Thirdly, reviewing the current literature, we hypothesize that hyperglycaemia at the onset of opioid stimulation can alter the effects opioids have. This hypothesis will have to be further tested, including the mechanisms by which these changes occur. Furthermore, it appears that obesity can increase the sensitivity for opioid-induced hyperglycaemia, and it would be of interest to further pinpoint where in the development of insulin resistance during obesity this sensitivity for opioid-induced hyperglycaemia changes so that with higher levels of hyperglycaemia, opioids become hypoglycaemic. One step in this direction would be to further map the changes in central and peripheral opioid receptor expression, during obesity and DM.

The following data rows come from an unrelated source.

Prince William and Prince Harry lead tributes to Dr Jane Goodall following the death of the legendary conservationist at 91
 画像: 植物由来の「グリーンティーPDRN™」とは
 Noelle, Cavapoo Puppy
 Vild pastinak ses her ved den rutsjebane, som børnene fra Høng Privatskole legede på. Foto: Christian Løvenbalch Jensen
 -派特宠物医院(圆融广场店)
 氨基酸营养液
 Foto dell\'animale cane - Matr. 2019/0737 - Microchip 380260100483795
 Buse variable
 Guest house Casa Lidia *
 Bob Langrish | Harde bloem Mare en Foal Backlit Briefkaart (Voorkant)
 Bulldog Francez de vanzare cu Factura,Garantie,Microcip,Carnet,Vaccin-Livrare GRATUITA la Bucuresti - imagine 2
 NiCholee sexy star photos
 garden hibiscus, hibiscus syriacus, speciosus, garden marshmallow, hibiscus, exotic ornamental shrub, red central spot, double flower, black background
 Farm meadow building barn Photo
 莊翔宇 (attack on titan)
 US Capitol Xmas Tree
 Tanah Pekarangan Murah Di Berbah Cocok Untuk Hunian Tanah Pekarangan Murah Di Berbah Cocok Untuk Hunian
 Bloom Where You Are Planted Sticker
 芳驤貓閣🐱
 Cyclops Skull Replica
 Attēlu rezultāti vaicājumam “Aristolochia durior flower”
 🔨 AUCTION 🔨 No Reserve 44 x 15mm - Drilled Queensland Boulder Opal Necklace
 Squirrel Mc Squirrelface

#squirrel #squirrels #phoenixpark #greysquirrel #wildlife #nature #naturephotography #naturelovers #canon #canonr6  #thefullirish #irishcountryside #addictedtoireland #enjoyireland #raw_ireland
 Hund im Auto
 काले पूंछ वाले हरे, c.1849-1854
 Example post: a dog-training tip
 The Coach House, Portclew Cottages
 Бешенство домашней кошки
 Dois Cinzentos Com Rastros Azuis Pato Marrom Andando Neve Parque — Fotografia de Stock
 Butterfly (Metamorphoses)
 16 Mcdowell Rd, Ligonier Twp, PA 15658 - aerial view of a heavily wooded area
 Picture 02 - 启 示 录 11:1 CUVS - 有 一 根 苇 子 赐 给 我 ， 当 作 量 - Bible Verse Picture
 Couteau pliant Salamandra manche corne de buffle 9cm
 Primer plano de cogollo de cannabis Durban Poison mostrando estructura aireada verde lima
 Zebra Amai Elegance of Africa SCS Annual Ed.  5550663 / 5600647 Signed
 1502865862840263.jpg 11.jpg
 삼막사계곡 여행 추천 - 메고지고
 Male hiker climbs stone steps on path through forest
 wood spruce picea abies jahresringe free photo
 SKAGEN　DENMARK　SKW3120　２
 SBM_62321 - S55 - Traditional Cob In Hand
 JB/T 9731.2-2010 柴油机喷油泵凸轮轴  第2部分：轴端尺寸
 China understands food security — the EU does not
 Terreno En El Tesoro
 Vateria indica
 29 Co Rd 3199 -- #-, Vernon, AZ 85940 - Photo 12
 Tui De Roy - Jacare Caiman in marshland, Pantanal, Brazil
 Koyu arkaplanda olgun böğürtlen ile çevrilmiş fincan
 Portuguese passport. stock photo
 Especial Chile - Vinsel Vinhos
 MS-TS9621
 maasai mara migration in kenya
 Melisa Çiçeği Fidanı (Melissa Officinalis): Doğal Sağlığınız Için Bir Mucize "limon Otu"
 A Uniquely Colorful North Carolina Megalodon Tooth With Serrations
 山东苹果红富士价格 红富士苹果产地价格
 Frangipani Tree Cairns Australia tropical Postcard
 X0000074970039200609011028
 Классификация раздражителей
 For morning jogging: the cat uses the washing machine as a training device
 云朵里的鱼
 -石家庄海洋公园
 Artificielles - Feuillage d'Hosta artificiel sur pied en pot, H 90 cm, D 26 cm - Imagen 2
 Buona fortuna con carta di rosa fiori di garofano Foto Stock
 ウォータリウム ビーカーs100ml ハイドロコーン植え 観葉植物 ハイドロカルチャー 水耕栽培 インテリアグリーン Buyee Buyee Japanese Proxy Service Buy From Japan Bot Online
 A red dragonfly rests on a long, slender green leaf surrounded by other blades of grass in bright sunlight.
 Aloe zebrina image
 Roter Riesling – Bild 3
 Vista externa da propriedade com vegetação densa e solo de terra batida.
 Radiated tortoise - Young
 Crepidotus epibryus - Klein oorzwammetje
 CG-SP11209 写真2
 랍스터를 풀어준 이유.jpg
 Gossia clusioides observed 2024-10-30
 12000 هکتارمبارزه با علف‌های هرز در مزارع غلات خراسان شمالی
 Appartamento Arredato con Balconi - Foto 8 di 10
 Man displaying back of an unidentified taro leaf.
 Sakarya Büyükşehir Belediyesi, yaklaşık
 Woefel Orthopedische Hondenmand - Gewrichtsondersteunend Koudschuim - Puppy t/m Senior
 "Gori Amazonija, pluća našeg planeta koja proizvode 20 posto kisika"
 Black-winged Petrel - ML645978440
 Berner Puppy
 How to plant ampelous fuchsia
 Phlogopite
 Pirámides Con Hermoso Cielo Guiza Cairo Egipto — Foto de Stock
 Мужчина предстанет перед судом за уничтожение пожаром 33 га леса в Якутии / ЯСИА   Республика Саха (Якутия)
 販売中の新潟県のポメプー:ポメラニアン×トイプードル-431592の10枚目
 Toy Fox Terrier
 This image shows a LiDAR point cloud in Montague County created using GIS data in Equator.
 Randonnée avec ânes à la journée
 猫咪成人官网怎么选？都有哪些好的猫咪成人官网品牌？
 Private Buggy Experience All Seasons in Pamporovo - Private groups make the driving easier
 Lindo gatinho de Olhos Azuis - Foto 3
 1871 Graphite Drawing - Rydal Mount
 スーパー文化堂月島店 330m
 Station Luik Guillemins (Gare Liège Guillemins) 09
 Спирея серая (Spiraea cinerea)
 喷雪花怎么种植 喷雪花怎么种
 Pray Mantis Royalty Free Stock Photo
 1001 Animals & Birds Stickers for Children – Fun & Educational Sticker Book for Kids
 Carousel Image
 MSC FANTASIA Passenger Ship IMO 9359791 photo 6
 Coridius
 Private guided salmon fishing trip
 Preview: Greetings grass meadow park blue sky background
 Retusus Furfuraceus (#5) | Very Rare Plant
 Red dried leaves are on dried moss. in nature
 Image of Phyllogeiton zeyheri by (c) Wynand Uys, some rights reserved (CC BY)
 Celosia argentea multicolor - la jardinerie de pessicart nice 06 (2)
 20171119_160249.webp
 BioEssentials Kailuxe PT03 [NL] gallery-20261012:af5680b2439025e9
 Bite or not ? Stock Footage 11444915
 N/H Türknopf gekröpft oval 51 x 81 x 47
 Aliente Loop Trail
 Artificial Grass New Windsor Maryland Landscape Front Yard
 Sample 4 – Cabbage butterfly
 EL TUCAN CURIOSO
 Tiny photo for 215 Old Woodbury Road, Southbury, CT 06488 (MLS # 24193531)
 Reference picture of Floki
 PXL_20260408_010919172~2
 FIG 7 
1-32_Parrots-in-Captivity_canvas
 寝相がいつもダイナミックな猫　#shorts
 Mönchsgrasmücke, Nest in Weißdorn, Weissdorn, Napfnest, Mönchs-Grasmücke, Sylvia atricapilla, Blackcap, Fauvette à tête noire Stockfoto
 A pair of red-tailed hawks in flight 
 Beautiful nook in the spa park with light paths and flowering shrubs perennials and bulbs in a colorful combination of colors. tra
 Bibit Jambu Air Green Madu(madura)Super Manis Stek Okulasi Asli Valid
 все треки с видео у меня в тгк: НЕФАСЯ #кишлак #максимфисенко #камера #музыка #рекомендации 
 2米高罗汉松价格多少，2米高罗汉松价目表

Conclusions and Implications
In conclusion, we described that opioids cause a significant, clinically relevant, long lasting increase in blood glucose. These findings were reproduced in many different studies, using different agonists, animal models and experimental settings. One important exception to the hyperglycaemic effects of opioids was found: when hyperglycaemia is present at baseline, opioids can actually lower glycaemia. The mechanisms by which these changes occur still require thorough investigation and studies should focus on opioid-induced alterations in hormone release as well as changes in insulin-dependent and insulin-independent glucose uptake. Glycaemia itself affects release of endogenous opioids, as during hypoglycaemia endogenous opioids are released into the circulation, indicating a reciprocal relationship. Lastly, obesity alters the sensitivity to opioids, opioid receptor expression and baseline endogenous opioid plasma concentrations. While many studies have explored how intravenous infusion of opioids affects glycaemia, substantial evidence on the effects of oral opioid-based medications on blood glucose levels is greatly needed. Nonetheless, based on the large number of studies confirming the hyperglycaemic effects of opioids, clinicians are encouraged to consider these possible side effects when prescribing opioid-based medications, particularly for patients with obesity and DM.